LC 211 - Design Add and Search Words Data Structure

Question

Design a data structure that supports adding new words and finding if a string matches any previously added string.

Implement the WordDictionary class:

• WordDictionary() Initializes the object.
• void addWord(word) Adds word to the data structure, it can be matched later.
• bool search(word) Returns true if there is any string in the data structure that matches word or false otherwise. word may contain dots '.' where dots can be matched with any letter.

Example:

Input
["WordDictionary","addWord","addWord","addWord","search","search","search","search"]
[[],["bad"],["dad"],["mad"],["pad"],["bad"],[".ad"],["b.."]]
Output
[null,null,null,null,false,true,true,true]

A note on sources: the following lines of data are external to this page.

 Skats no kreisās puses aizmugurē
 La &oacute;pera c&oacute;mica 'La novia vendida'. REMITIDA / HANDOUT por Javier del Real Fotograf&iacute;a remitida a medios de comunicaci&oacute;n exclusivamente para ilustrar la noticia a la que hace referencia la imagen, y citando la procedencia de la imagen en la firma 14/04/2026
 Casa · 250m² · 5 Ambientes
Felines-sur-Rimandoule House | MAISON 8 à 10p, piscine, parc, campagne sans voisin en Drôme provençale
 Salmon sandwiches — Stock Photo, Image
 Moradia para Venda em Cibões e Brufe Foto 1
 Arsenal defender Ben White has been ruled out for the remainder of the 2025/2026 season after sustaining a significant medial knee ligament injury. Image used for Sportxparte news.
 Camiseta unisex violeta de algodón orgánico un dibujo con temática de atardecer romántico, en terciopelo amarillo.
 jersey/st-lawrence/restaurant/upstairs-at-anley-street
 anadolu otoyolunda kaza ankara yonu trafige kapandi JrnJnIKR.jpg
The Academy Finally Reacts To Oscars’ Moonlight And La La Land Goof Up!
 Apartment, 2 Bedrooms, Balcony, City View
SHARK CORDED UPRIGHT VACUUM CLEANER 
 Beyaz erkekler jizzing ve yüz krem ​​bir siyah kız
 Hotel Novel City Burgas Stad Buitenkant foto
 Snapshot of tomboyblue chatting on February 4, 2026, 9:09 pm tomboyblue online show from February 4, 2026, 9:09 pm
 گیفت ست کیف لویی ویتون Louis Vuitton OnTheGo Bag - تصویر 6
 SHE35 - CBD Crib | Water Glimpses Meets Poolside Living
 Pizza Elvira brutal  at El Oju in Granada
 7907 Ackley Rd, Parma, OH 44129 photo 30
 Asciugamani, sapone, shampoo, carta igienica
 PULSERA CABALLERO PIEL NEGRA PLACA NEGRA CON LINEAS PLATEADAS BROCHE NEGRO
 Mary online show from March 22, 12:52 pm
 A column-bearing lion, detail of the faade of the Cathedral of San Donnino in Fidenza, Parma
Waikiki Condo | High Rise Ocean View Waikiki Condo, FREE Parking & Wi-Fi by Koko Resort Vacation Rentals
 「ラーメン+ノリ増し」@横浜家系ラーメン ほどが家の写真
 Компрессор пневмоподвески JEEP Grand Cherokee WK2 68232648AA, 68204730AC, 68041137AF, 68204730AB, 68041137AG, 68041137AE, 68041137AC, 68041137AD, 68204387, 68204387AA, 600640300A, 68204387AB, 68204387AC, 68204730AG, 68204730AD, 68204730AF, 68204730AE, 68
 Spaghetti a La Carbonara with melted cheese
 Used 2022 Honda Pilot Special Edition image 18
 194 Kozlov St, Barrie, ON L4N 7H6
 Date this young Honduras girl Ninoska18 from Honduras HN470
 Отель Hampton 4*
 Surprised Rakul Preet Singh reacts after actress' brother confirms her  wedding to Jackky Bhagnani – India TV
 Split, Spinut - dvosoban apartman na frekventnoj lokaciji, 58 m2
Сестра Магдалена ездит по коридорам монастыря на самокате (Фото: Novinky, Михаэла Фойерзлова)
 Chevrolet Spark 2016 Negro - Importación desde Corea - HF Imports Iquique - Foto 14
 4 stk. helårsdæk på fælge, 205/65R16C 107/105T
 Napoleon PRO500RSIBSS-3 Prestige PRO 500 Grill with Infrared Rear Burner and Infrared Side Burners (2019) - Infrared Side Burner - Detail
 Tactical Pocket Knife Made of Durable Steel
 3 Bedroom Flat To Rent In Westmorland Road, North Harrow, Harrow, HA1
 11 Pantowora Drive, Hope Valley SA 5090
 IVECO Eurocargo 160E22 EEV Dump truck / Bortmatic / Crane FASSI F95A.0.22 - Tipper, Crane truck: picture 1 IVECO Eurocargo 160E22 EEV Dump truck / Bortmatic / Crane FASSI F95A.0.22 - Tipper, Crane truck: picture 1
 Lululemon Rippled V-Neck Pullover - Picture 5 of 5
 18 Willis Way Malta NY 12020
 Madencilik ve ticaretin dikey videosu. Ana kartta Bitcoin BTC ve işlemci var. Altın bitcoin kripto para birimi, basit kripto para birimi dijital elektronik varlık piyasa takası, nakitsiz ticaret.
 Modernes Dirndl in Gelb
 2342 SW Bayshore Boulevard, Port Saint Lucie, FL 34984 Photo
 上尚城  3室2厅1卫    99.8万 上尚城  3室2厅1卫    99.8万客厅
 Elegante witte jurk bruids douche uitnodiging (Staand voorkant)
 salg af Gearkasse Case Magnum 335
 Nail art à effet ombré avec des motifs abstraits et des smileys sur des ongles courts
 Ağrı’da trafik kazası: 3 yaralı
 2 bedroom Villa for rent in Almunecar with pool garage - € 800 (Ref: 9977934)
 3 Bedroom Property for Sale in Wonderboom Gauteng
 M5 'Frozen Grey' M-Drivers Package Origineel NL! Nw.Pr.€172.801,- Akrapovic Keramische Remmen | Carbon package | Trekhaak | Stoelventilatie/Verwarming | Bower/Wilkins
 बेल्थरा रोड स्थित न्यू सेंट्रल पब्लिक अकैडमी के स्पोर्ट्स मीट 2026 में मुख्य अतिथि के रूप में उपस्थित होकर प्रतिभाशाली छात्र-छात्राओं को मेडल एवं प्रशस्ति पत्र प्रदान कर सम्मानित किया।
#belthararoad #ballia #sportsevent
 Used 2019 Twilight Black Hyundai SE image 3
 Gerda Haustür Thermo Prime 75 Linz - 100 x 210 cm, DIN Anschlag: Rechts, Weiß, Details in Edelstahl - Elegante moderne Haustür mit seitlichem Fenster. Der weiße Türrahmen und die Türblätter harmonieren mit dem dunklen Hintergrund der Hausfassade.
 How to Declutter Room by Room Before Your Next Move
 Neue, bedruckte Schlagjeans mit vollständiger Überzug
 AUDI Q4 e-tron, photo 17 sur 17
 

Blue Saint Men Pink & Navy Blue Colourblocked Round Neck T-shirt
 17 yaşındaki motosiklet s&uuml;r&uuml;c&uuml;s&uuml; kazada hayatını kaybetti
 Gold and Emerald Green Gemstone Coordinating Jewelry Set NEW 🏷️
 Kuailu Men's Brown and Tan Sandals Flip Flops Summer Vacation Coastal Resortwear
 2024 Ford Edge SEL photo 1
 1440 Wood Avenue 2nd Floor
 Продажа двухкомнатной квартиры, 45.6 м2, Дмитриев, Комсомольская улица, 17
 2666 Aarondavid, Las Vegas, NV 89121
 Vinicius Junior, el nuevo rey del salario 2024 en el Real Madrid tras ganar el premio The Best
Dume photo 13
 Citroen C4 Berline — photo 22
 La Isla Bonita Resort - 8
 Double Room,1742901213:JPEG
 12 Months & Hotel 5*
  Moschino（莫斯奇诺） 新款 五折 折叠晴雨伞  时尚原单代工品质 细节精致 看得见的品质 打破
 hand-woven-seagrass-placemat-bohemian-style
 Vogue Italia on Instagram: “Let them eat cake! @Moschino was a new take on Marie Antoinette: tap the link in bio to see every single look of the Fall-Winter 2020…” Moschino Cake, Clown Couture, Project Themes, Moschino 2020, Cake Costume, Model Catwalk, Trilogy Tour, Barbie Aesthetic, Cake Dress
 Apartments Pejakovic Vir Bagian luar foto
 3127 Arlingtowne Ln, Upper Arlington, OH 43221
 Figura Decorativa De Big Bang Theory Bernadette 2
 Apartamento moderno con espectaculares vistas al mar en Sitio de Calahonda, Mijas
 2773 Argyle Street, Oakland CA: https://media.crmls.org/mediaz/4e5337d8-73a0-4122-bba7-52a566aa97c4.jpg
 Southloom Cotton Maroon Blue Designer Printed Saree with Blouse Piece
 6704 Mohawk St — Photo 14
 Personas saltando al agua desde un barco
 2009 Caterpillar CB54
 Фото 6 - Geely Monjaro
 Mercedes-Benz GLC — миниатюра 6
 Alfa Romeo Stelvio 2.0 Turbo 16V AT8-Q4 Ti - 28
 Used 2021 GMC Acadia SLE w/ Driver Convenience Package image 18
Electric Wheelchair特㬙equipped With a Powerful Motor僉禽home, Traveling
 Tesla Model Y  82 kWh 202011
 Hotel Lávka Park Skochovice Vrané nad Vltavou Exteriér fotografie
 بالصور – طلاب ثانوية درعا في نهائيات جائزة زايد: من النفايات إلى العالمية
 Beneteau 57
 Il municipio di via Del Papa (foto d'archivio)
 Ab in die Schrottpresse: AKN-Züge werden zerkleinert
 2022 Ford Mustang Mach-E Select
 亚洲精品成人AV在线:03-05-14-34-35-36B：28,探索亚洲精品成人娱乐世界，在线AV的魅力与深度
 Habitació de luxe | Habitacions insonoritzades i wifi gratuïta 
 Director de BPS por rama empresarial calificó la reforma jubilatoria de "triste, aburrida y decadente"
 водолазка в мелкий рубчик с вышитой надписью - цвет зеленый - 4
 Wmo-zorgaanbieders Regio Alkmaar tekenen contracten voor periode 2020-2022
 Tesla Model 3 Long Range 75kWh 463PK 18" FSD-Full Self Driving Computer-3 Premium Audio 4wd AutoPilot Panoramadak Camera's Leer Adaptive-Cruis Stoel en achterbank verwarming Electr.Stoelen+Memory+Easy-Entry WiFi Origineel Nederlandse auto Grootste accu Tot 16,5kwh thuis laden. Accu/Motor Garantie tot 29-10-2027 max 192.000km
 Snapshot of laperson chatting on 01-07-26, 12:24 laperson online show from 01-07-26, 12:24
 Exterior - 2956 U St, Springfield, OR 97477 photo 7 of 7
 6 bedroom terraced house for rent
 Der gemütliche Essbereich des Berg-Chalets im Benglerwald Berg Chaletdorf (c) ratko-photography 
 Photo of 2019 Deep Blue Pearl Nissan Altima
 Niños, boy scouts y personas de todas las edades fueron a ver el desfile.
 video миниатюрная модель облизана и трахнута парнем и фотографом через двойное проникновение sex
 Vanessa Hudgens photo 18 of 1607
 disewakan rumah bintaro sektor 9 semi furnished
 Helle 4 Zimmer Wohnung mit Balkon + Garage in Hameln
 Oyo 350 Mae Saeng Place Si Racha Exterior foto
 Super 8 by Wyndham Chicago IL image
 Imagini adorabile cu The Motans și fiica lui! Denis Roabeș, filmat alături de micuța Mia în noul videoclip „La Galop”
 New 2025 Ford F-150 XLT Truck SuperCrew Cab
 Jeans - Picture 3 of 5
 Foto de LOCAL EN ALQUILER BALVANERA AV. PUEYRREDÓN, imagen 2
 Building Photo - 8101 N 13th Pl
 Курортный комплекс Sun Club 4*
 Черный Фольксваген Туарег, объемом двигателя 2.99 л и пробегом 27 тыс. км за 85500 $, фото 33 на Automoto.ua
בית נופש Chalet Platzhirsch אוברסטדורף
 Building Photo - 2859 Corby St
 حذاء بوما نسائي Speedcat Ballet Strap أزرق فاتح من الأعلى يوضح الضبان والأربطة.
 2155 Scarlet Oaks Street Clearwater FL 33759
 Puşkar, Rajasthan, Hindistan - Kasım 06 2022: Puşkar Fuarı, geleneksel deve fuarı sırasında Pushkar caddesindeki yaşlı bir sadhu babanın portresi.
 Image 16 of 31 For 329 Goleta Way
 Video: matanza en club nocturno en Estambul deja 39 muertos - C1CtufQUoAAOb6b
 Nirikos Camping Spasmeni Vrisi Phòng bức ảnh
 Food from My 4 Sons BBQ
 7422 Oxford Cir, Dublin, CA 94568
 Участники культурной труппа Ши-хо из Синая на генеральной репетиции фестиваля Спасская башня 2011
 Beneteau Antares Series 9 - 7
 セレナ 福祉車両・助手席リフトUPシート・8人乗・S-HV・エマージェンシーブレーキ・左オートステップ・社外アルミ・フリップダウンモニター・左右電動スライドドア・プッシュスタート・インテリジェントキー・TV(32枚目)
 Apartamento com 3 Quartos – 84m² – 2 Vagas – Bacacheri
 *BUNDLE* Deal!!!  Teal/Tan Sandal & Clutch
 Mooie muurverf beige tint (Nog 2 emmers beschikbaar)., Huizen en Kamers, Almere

Explanation WordDictionary wordDictionary = new WordDictionary(); wordDictionary.addWord(“bad”); wordDictionary.addWord(“dad”); wordDictionary.addWord(“mad”); wordDictionary.search(“pad”); // return False wordDictionary.search(“bad”); // return True wordDictionary.search(“.ad”); // return True wordDictionary.search(“b..”); // return True

Constraints:

• 1 <= word.length <= 25
• word in addWord consists of lowercase English letters.
• word in search consist of '.' or lowercase English letters.
• There will be at most 2 dots in word for search queries.
• At most 104 calls will be made to addWord and search.

Links

Question here and solution here

Solution

concept

The only difficult part is to use DFS search for the wild card .

code

class TrieNode():
    def __init__(self):
        self.children = {} # a : TrieNode
        self.end_of_word = False

class WordDictionary:

    def __init__(self):
        self.root = TrieNode()
        
    def addWord(self, word: str) -> None:
        cur = self.root
        for c in word:
            if c not in cur.children:
                cur.children[c] = TrieNode()
            cur = cur.children[c]
        cur.end_of_word = True

    def search(self, word: str) -> bool:
        def dfs(j, root):
            cur = root

            for i in range(j, len(word)):
                c = word[i]
                if c == ".":
                    for child in cur.children.values():
                        if dfs(i + 1, child):
                            return True
                    return False
                else:
                    if c not in cur.children:
                        return False
                    cur = cur.children[c]
            return cur.end_of_word
        
        return dfs(0, self.root)

Complexity

time: $O(n)$
space: $O(t + n)$